Saisi d’un pourvoi en cassation, le Conseil d’État était pour la première fois conduit à se prononcer sur la question de l’irrégularité d’une offre en cas de non-respect de la législation applicable et en particulier d’une convention collective en matière de concession, alors que la cour administrative d’appel de Douai avait jugé, en contradiction avec la position de la Cour administrative d’appel de Nantes, que l’offre d’un candidat ne devait pas être considérée comme irrégulière au motif que le candidat aurait indiqué vouloir appliquer une convention collective inapplicable (CAA Douai, 28 mars 2019, n° 16DA02438).

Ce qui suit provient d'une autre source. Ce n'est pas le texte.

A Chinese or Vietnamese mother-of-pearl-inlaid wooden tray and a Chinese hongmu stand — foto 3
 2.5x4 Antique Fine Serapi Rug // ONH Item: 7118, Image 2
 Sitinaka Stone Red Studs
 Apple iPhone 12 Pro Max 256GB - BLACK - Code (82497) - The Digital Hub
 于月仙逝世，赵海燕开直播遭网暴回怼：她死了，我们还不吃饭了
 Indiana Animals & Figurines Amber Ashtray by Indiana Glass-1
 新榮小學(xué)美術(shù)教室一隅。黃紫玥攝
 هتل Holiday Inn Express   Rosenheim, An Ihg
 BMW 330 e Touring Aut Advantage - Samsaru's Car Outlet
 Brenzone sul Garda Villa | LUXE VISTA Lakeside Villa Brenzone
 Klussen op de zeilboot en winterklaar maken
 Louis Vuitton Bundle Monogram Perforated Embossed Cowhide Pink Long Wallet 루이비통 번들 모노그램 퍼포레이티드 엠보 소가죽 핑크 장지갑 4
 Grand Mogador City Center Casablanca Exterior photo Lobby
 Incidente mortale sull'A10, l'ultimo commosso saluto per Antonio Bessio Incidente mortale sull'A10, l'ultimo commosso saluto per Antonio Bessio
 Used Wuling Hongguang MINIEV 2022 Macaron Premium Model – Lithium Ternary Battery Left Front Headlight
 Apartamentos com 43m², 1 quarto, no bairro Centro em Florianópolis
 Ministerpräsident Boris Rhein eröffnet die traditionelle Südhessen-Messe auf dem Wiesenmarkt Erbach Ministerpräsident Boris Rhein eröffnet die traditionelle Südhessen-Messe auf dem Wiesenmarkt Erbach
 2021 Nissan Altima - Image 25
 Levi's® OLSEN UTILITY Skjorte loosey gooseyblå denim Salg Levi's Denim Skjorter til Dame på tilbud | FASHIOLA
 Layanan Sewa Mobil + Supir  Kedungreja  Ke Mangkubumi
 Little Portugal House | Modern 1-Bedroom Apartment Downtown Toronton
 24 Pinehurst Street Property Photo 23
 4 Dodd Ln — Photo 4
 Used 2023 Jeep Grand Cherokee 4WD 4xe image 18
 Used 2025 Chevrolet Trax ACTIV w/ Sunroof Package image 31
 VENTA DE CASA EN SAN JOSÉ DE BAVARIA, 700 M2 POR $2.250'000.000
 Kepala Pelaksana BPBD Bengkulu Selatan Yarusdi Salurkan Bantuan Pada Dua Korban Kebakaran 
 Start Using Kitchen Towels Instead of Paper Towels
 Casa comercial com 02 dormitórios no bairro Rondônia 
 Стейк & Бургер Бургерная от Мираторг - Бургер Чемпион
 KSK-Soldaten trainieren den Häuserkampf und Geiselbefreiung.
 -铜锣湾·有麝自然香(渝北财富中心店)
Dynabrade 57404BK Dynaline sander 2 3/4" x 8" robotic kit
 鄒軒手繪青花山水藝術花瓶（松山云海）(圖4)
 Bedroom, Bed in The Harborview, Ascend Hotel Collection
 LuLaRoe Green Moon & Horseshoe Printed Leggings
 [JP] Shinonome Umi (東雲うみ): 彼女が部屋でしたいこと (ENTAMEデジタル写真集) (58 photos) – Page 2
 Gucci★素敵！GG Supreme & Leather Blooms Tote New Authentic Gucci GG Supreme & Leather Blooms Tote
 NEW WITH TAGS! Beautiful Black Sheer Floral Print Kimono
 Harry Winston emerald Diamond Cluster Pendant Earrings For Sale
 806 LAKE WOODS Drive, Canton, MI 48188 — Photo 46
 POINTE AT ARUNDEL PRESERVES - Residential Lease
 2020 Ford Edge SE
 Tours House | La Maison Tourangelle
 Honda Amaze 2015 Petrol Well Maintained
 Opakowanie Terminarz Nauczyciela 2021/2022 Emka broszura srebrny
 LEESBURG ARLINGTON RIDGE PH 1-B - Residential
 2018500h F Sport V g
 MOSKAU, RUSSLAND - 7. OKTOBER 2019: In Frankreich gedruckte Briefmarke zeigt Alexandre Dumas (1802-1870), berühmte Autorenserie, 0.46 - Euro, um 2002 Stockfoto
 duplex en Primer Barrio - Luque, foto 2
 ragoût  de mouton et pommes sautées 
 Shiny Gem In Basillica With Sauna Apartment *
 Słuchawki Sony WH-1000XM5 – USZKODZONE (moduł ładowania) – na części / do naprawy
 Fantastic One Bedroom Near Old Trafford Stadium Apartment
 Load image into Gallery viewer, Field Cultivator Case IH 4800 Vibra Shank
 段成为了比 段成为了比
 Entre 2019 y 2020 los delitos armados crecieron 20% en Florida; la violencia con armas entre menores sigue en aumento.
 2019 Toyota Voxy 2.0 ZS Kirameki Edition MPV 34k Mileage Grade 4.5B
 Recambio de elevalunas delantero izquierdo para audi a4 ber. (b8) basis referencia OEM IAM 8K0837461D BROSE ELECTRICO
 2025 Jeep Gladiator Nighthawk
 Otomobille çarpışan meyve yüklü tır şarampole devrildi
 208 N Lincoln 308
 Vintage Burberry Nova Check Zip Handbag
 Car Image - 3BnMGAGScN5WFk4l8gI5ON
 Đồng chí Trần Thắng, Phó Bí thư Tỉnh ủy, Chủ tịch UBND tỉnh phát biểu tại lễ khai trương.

Par sa décision du 10 octobre 2022, le Conseil d’Etat a confirmé la position retenue par la cour administrative d’appel, tant sur la convention collective applicable que sur l’irrégularité de l’offre.
Sur la convention applicable, le Conseil d’Etat confirme l’arrêt d’appel en jugeant que c’est bien la convention collective du sport qui a vocation à s’appliquer puisque l’objet principal de l’activité confiée au délégataire de service public était la gestion de deux bassins et d’une fosse de plongée à vocation principalement sportive, et ce, même si le centre aquatique comporte également des espaces ludiques et de détente.
Surtout, le Conseil d’Etat retient pour la première fois en matière de concession qu’une « offre finale mentionnant une convention collective inapplicable ou méconnaissant la convention applicable ne saurait être retenue par l’autorité concédante et doit être écartée comme irrégulière par celle-ci ».
Le rapporteur public avait pourtant proposé une solution inverse, se fondant notamment ce qui distingue précisément une concession d’un marché public. Il soutenait ainsi qu’il pouvait être opportun de laisser au concessionnaire et à l’autorité concédante une plus grande liberté de choix dans la détermination des critères que les candidats doivent respecter et que le transfert de risque de l’exploitation de l’autorité concédante vers le concessionnaire justifiait qu’il revienne à ce dernier de s’assurer du respect de la législation en matière de droit du travail.
Ce n’est pas la solution qui a été retenue par le Conseil d’Etat dans sa décision du 10 octobre 2022 qui opère ainsi un rapprochement entre ces deux types de contrats administratifs en matière de contentieux.